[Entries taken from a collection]
- Opening Delimiter -
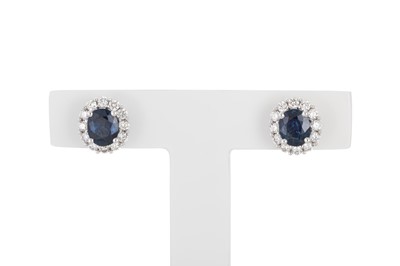 Lot 381 - A PAIR OF SAPPHIRE AND DIAMOND EARRINGS, the...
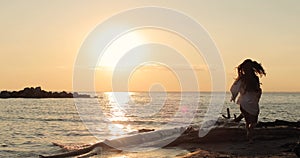 Young brunette woman in a white shirt running on the beach at sunset. Back view.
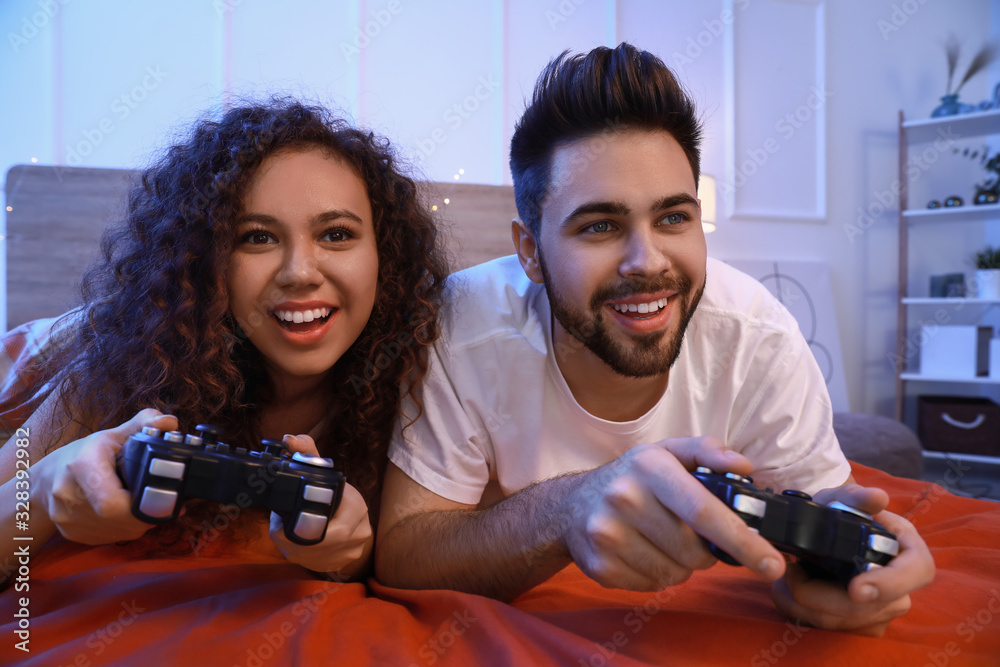 快乐的年轻情侣在卧室玩电子游戏
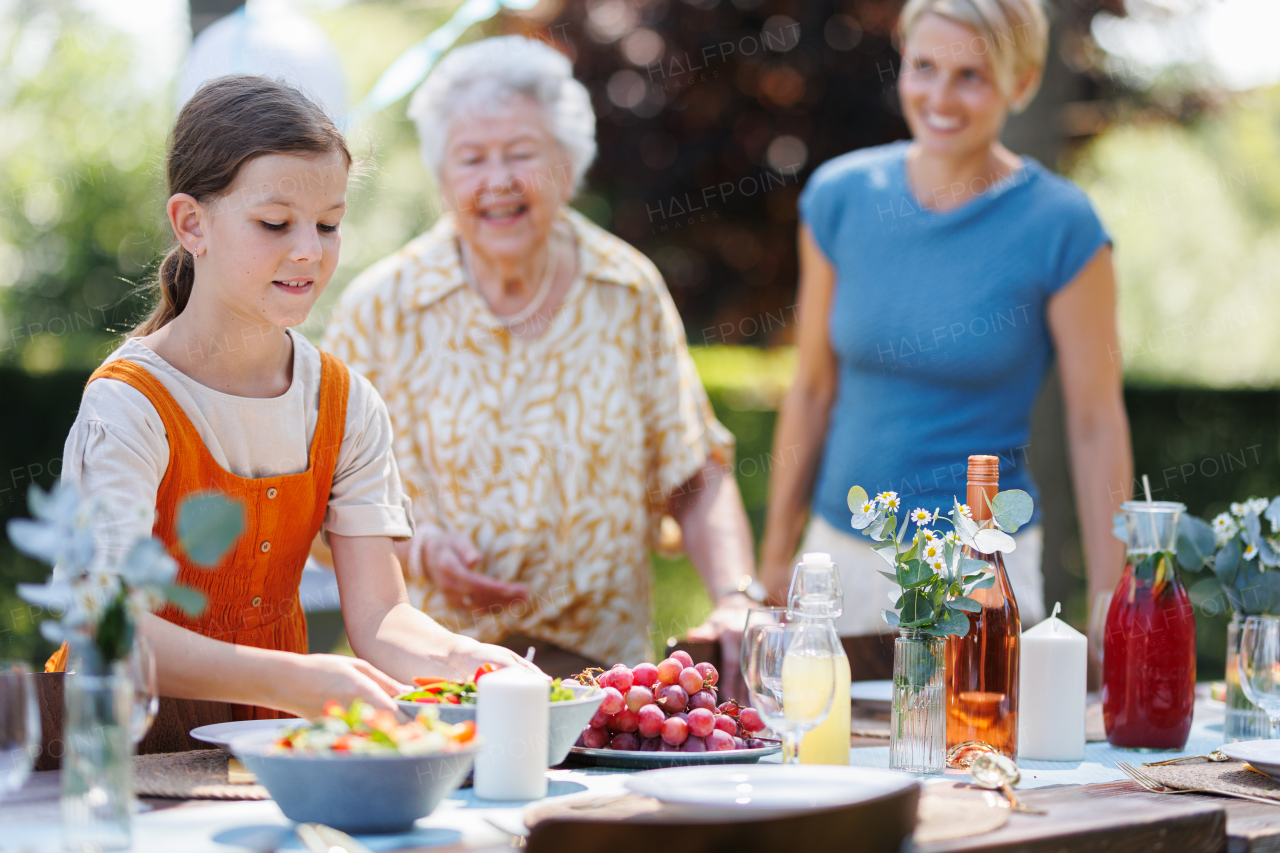 Grandmother, mother and daughter setting table for summer garden party. Bringing plates, food, and drinks.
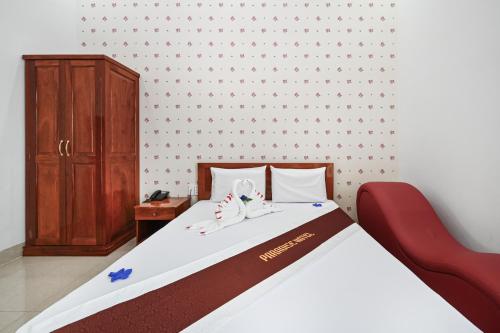 a bedroom with a bed with shoes on it at Paradise Hotel in Củ Chi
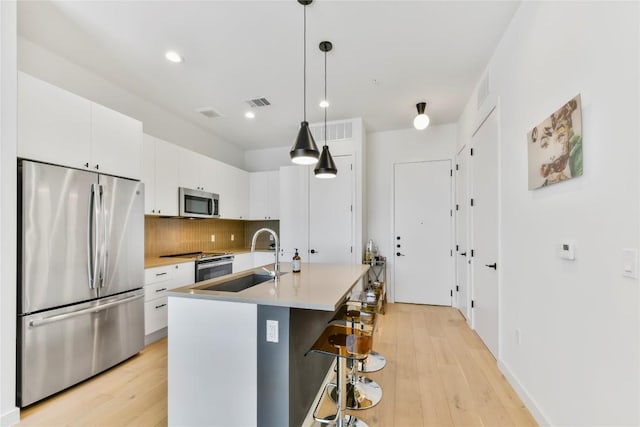 kitchen with stainless steel appliances, tasteful backsplash, light wood-style floors, white cabinets, and a sink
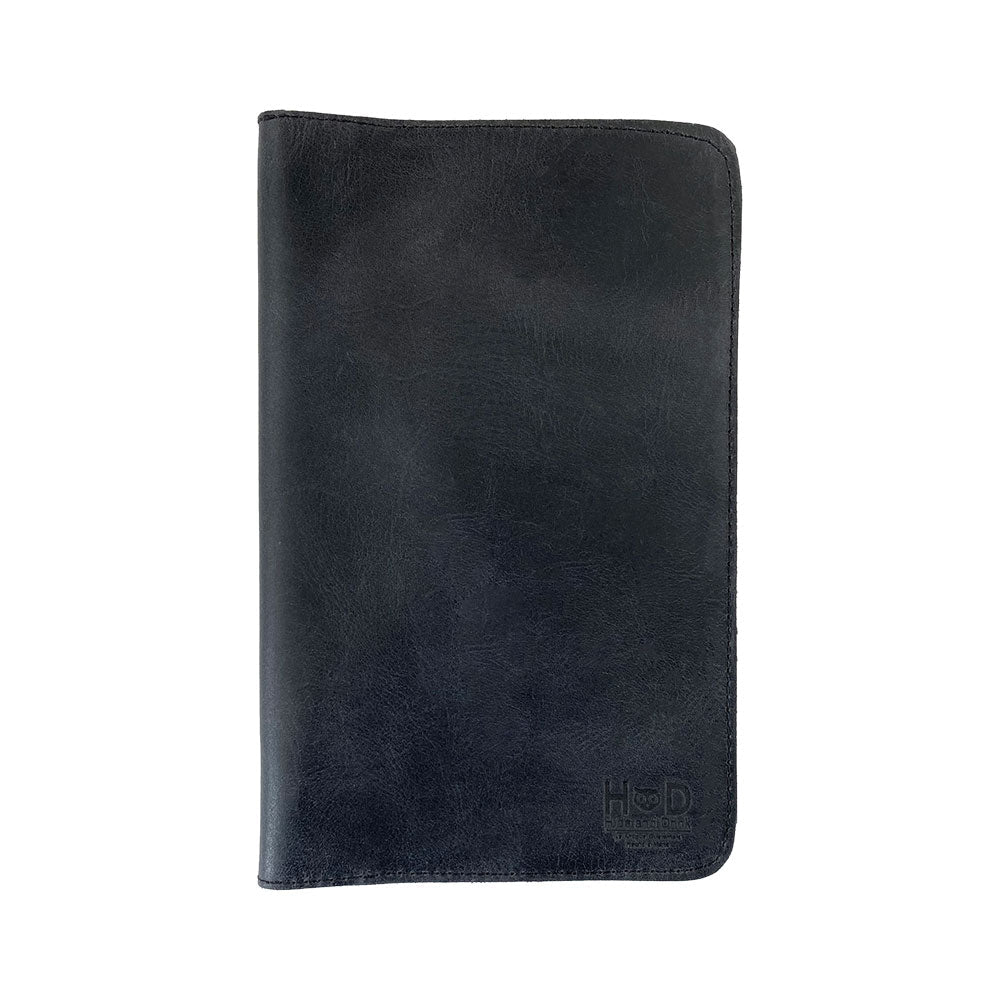 Front view of a black Journal Cover for Moleskine Cahier L (5 x 8.25 in.) by Hide & Drink. This refillable leather cover is perfect for large size (5 x 8.25 in.) notebooks, showcasing its handmade rustic charm and artisan craftsmanship.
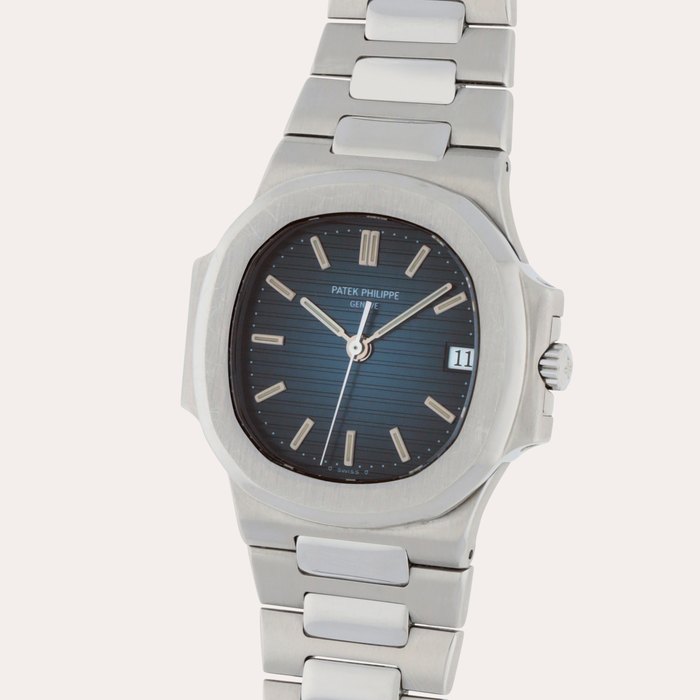 Patek Philippe Nautilus, Reference 3800/001A | A stainless steel wristwatch with date and bracelet | Circa 1994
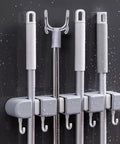 Wall Mounted Broom And Mop Organizer With Four Racks And Five Hooks For Home Kitchen Garage Garden Laundry Room And Bathroom Storage Keeps Cleaning Tools Neatly Stored And Easily Accessible against wall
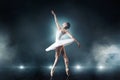 Ballet dancer dancing on the stage in theatre Royalty Free Stock Photo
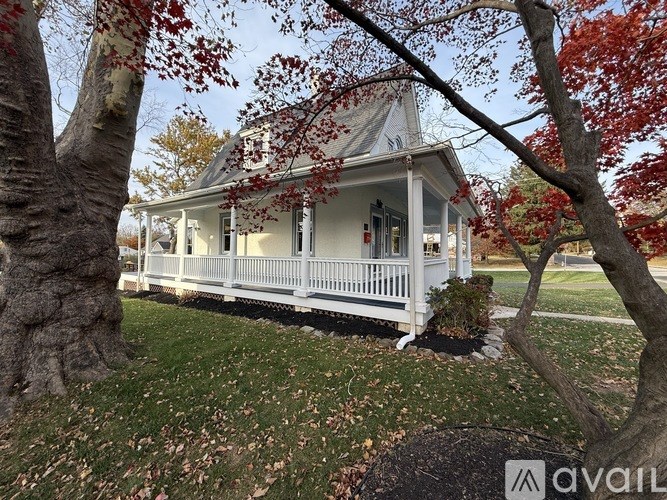 A house with a porch and a tree in front of it.
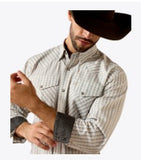 Ariat Men's Wrinkle Free Burnard Classic Fit Snap Shirt with Greater Arm Mobility, stylishly worn under a cowboy hat.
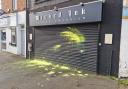 A Darlington tattoo parlour was covered in paint last weekend after vandals allegedly defaced the store Credit: MICHAEL ROBINSON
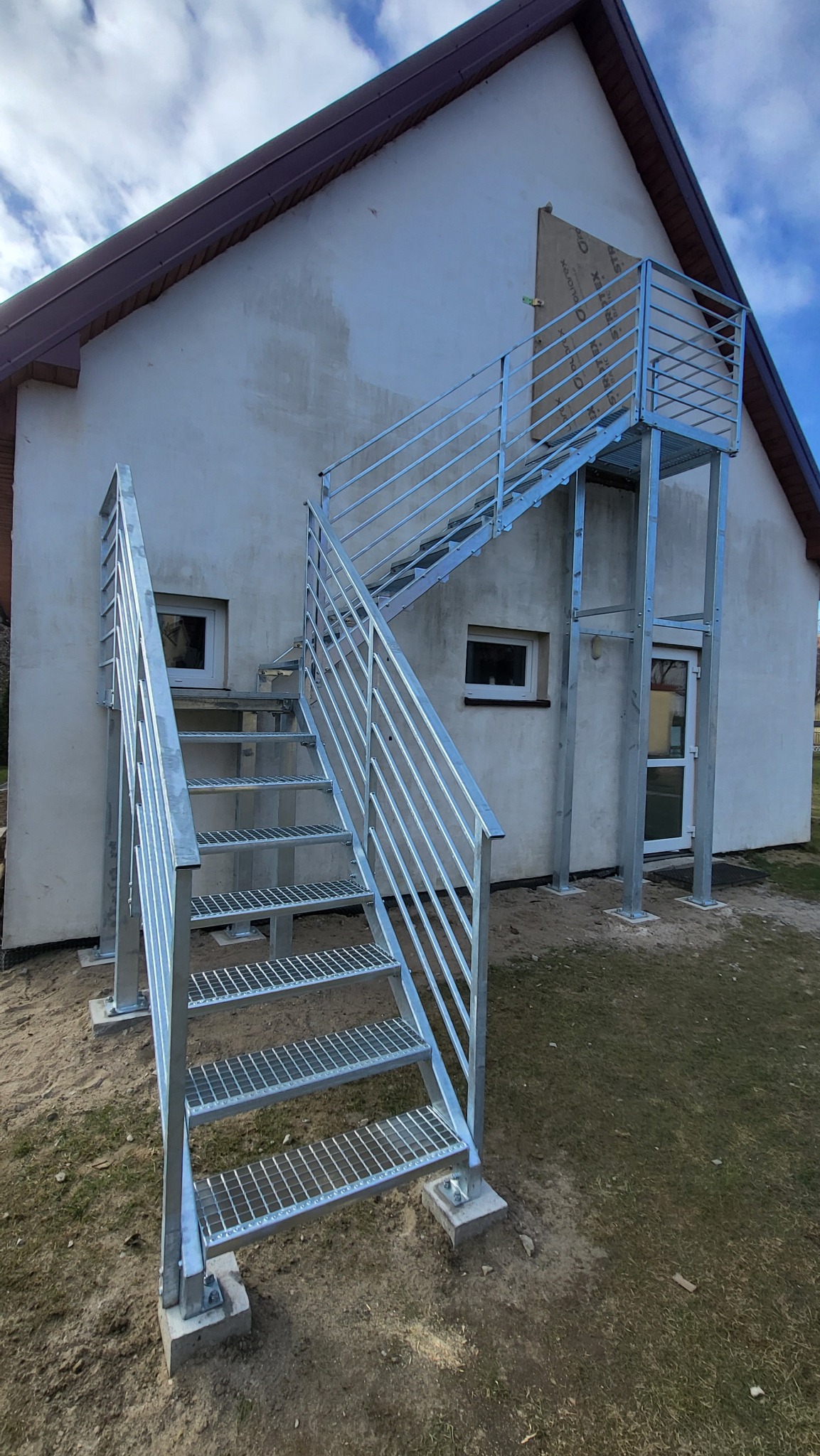 Zewnętrzne schody metalowe z balustradą, ocynkowane ogniowo, prowadzące do drzwi na piętrze budynku. Stopnie z kraty WEMA, filary i słupki z metalowych profili.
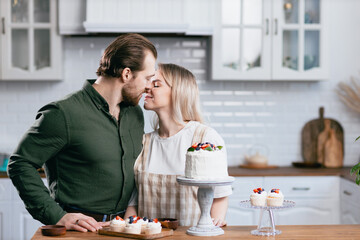 Pastry chef confectioner young caucasian woman with husband boyfriend man try taste of cake on kitchen table. Cakes cupcakes and sweet dessert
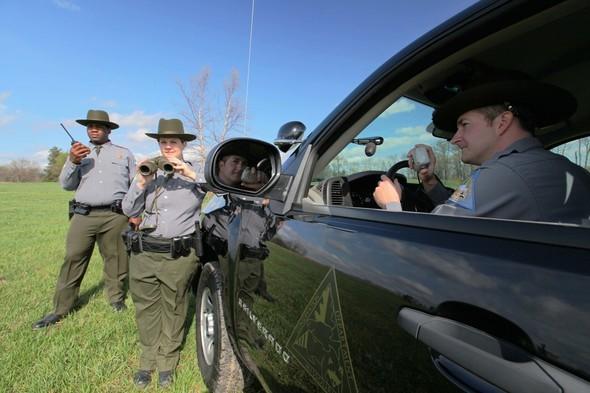 Three conservation agents outside of an MDC truck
- Closing Delimiter -
Activity |
Nothing but the lines above from the one that has "A Darlington tattoo" down to the one that has "Zewnętrzne schody metalowe" belongs in the answer, copied exactly, without pictures.

Reply to the exercise |
 A Darlington tattoo parlour was covered in paint last weekend after vandals allegedly defaced the store Credit: MICHAEL ROBINSON
 Zewnętrzne schody metalowe z balustradą, ocynkowane ogniowo, prowadzące do drzwi na piętrze budynku. Stopnie z kraty WEMA, filary i słupki z metalowych profili.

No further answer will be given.